Q- Quelle est l'idée derrière The White Box Project?

R- Cette fois-ci, c'est de transporter la danse au musée! De faire émerger une forme d'art d'un endroit où se trouve déjà une autre forme d'art, c'est-à-dire des tableaux accrochés aux murs. Les danseurs seront éparpillés parmi le public qui admire des oeuvres. Petit à petit, une chorégraphie émergera. Graduellement, le public réalisera qu'il fait l'expérience d'un autre spectacle.

Q- Pourquoi toujours vouloir repousser ainsi les frontières de la danse?

R- Adolescente, quand j'ai commencé à danser, je me suis vite rendu compte que la danse était un art méconnu. Déjà, à cet âge, je souhaitais élargir son public. New York est l'endroit idéal pour ça! Les New-Yorkais sont très aventureux. Et puis, la vie, ça ne se passe pas seulement entre quatre murs. C'est pourquoi j'intègre l'environnement à mes chorégraphies. Ça donne un art plus vivant.

Q- Comment avez-vous réussi à faire votre marque à New York?

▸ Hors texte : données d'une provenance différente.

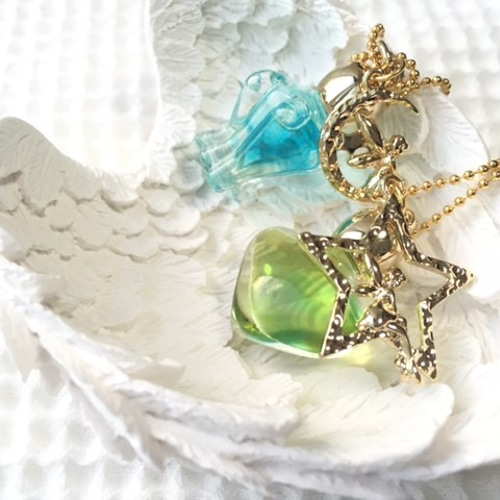 メモリーオイルグッズ　クリスタルペンダントセット メモリーオイルグッズ クリスタルペンダントセット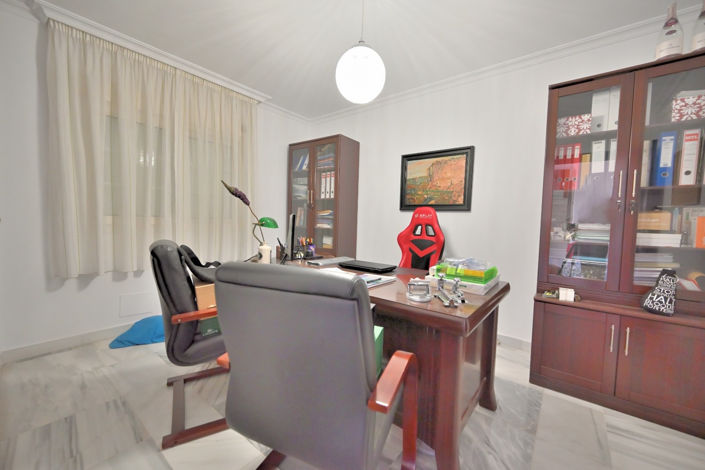 Image No.17-5 Bed House for sale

R- À force de persévérance. De prime abord, les autorités municipales avec lesquelles je dois négocier constamment pour mes spectacles me disent toujours «non». D'autant plus que mes projets ne sont pas évidents. Il faut expliquer, convaincre. La Ville ne veut pas avoir d'accidents, ne veut pas que ça coûte cher. Je n'ai jamais un «oui» définitif, mais, finalement, j'obtiens un «ouain, O.K.».

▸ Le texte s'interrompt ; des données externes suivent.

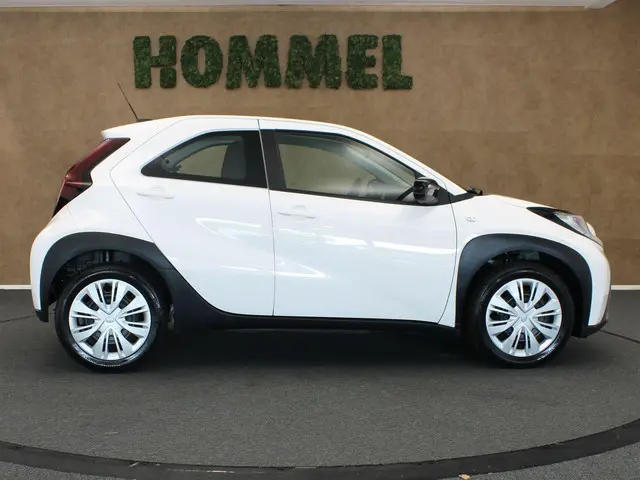 Toyota Aygo X 1.0 VVT-i MT Play 2023 Benzine 9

Q- Faites-vous des compromis?

R- Je dois en faire tout le temps pour que mes projets voient le jour. Pour le spectacle dans la piscine désaffectée, il a fallu rénover les installations au préalable, pour une question de sécurité. Pour celui sous le pont de Manhattan, on a dû suspendre des chaises à un mur de béton plutôt que de les visser.

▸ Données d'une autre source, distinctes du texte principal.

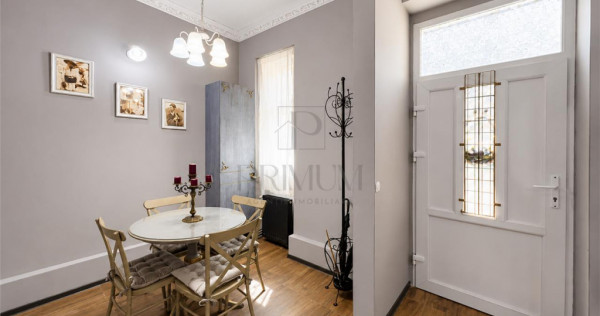 Piata Sfanta Maria, apartament 2 camere, cladire istorica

Q- Ça finit aussi par coûter cher?

R- Oui. Le financement constitue un obstacle constant. On demande l'aide de donateurs individuels, des subventions. Mais il y a tellement de concurrence.

Q- Quel est votre message à ceux et celles qui rêvent d'un projet de fou?

R- Il faut savoir ce que l'on veut faire. Souvent, les gens ont des rêves, mais ils ne sont pas précis. Une fois que tu sais ce que tu veux, vas-y! Et puis, il n'y a pas de magie, il faut travailler quatre fois plus fort. Mais de réussir à imposer SA vision de la danse à New York, c'est satisfaisant en fin de compte!